Earth Day: It's about the air

This is an archived article that was published on sltrib.com in 2011, and information in the article may be outdated. It is provided only for personal research purposes and may not be reprinted.

As we mark the 41st annual celebration of Earth Day, we can thank Nevada Sen. Harry Reid and other Democrats for beating back the most recent attacks on the Clean Air Act.

Perhaps America's most successful environmental safeguard, this law has protected human health and the environment for four decades. Today, it's emerging as key to addressing our deepening climate problem.

The Clean Air Act is rooted in Earth Day history. The first Earth Day, held April 22, 1970, was essentially a series of massive public demonstrations about the nation's deteriorating environment, with air quality a top concern. For decades, leaded gasoline, soot from burning coal and other pollutants had increasingly harmed Americans. Lead tainted the blood of nearly 90 percent of U.S. children, while "smog events" sickened thousands, many fatally.

Legislators had passed weak air-quality laws before, but the protests 41 years ago energized an estimated 10 percent of the nation's population and closed Congress for a day.

Within months, Congress passed the Clean Air Act, creating our first national air-quality standards and giving broad authority to the newly established Environmental Protection Agency, which was directed to regulate lead, carbon monoxide and other dangerous pollutants.

Benefits quickly followed, including a sharp drop in blood-lead levels. The law's psychological effect was also important: Americans began overcoming the myth that environmental protections would cripple industry. Over time, another important feature became the law's capacity to address new pollution threats through amendments and revised rules, something now proving critical for climate policy.

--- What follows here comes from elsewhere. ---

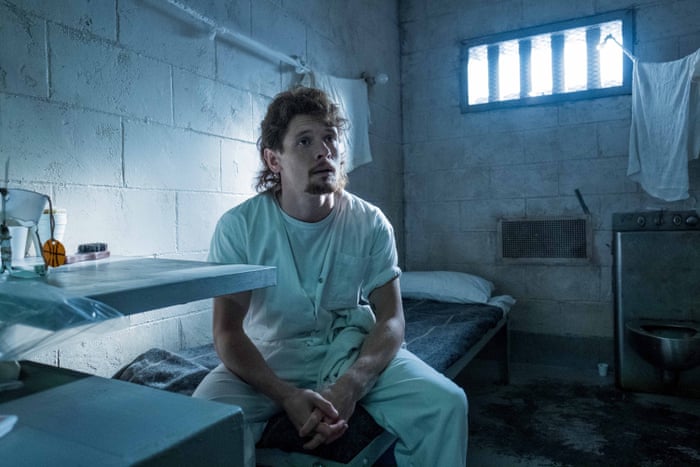 Trial by Fire review – old-fashioned death row drama pulses with anger | Jack O'Connell | The Guardian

The first amendments came in 1977. Congress required cleaner technology for older facilities seeking upgrades and established special air protections for parks and wilderness areas. Later, in 1990, new amendments tightened sulfur restrictions to address acid rain, caused by burning coal, and initiated a phase-out of chemicals that destroy the Earth's ozone.

The adaptive approach has worked. The EPA reports ambient lead levels have dropped nearly 100 percent, while the particulates that cause respiratory ailments have declined 75 percent. Acid rain has diminished. Refrigerants and other household chemicals no longer eat the ozone. The Centers for Disease Control says the law has saved tens of thousands of lives and billions of dollars in health care costs.

Yet, despite these victories, coal and other industries have never stopped fighting the Clean Air Act. They opposed action on lead, mercury, acid rain, ozone and more, claiming industry would collapse and jobs would vanish.

So it's no surprise that industry's latest attacks are focused on the EPA's use of the Clean Air Act to address greenhouse gases such as carbon dioxide. The agency's action stems from a 2003 lawsuit by Washington, Oregon, California, New Mexico and eight other states, along with several cities and a host of conservation groups, all challenging the Bush administration's refusal to regulate greenhouse gases under the Clean Air Act.

In 2007, the Supreme Court agreed, saying the gases "fit well" within Clean Air Act pollutant criteria and ordering the EPA to reconsider. The agency did so, reviewing reams of research, and in 2009 concluded that the build-up of greenhouse gases threatens the health and safety of present and future generations.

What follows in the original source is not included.